At least I didn’t use “Black Hawk, Down”.

13 comments

  1. So “It might create a place you wouldn’t want to visit or live in” is a good reason for restricting freedom now?

    Ugh. So much for the Lib Dems’ committment to civil liberties.

  2. Define “stuck” and define “shithole”. Then tell me you think it’s your love of freedom which makes you believe the state should be able to define these for everyone.

  3. You’re making some amazing leaps here Jackie, based on a post which as stated, was entirely written because of the desire to write a bad pun, about an article that I’m pretty confident you haven’t even read. Where did I say the “state” should decide anything?
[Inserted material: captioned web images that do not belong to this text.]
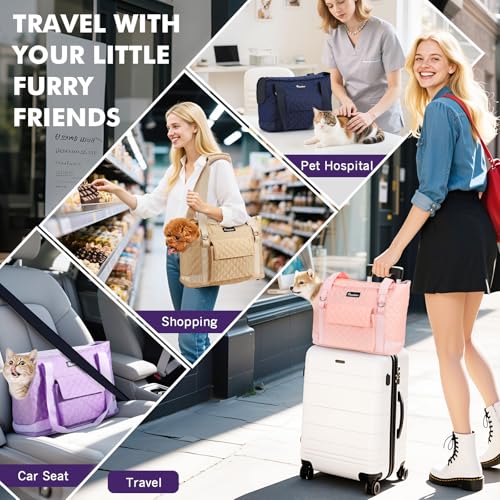 Pawaboo Hundetasche Tragetasche für Kleine Hunde mit Tasche, Leichte Hunde und Welpen Tragetasche Träger, Hundetransporter Weich Seiten für Welpe Katze Kaninchen, Welpentragetasche unter 11 LBS, Rosa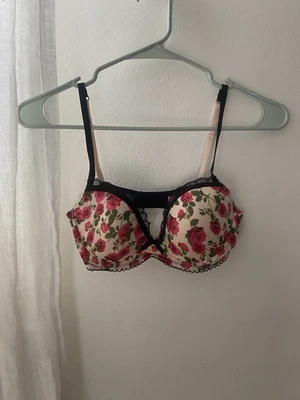Betsy Johnson Intimates 32C Black Pink Padded Push Up Bra Womens EUC - Image 1 of 4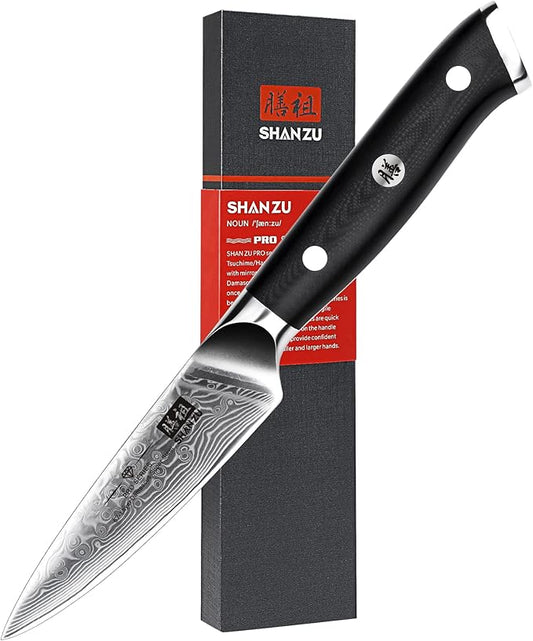 SHAN ZU 4 Inch Paring Knife, Japanese Steel Damascus Professional Kitchen Knives High Carbon Super Steel Carving Knife with Gift Box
I happen to believe that communities should be free to do what they feel is right for them. What I DON’T think is that the government should introduce a mass expansion of gambling as the magic bullet to solve the economic problems of every run down area in the country. Nor do I feel that local authorities should be so restricted by how they can spend their own money that bidding for a super casino is one of the few options open to them.

    But clearly your definition of libertarianism means centralised government handing out super casino licenses out to all and sundry. Sounds lovely!

  4. Er, who mentioned ‘libertarianism’? I’m not talking ideology (and don’t consider myself a libertarian, though you wouldn’t be the first to try to insist that I am). I’m talking freedom. I think it’s quite telling that you see freedom as something distributed by the state and not something each person is born with but which is routinely revoked by the state.

    I don’t believe in licenses for casinos, so your accusation that I want “centralised government handing out super casino licenses out to all and sundry” makes zero sense. But go on – tell me why you believe that a free society is one in which individuals and communities must go cap in hand to the government for such things.

  5. ‘But go on – tell me why you believe that a free society is one in which individuals and communities must go cap in hand to the government for such things.’

    I don’t think that, have never said that, and directly contradicted that in my previous comment. Give me strength.

  6. I think there may be a case of licensing casinos, but it should be done at a local level. I certainly don’t think it should be part of some kind of centrally-run national regeneration scheme, as it is at present. And I think local areas should have much greater powers generally, so they are not confronted with the Hobson’s Choice of seeing a supercasino as the only option for regeneration.

    Ultimately, if local communities want super-casinos, they should be free to have them. However, in my view they would be bloody stupid to go down that road.

  7. You’ll have to correct me, but I was unaware that opening a casino was a fundamental human right. Last time I looked, no country on earth had no planning law whatsoever, nor was this generally equated with living in a Global Police State.

    I tell you what Jackie, rather than just mouthing off about my opinions, why not tell me what your position is? You seem to want the untrammelled right for people to do whatever they want, whenever they want (so long as they can afford it), yet bristle at the accusation of being libertarian.

  8. I think it is a fundamental human right to possess and create private property, yes. Why should casinos be any different? I’d love to know. I thought I made my view pretty clear, but I guess not.

    I believe, broadly, that people should be free to do as they wish (abuse drugs, hire hookers, eat trans-fats, smoke fags, allow others to whip them black, blue, and bloody), even if their wishes are not commensurate with the ones I hold for myself, as long as they are not infringing on another’s freedom in the process.

  9. If you’d read the aforementioned article, you’d see that David Boyle’s specific argument is that supercasinos can have a negative economic effect on the local community. In other words, they do infringe on other people’s freedom. You may agree or disagree with that, but you can’t simply bypass the argument by simply asserting that it doesn’t.

  10. James, you failed to link to the article, so how was I meant to read it? Rest assured that I’m very familiar with views like Boyle’s, which are pure bunkum. Flying them under the auspices of wanting to increase personal freedom takes a lot of cheek, or a lot of stupidity. Either way, they utterly fail to convince.